» Exercise: Copy out the data that follows exactly, leaving out no line.

Saved entries
/---

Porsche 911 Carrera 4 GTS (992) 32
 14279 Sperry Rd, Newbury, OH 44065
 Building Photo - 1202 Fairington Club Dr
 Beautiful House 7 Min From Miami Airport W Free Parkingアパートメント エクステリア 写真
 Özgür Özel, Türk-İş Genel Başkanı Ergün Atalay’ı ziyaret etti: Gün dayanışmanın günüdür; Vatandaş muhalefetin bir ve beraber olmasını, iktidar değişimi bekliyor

\---

» Solution to this problem:
Porsche 911 Carrera 4 GTS (992) 32
 14279 Sperry Rd, Newbury, OH 44065
 Building Photo - 1202 Fairington Club Dr
 Beautiful House 7 Min From Miami Airport W Free Parkingアパートメント エクステリア 写真
 Özgür Özel, Türk-İş Genel Başkanı Ergün Atalay’ı ziyaret etti: Gün dayanışmanın günüdür; Vatandaş muhalefetin bir ve beraber olmasını, iktidar değişimi bekliyor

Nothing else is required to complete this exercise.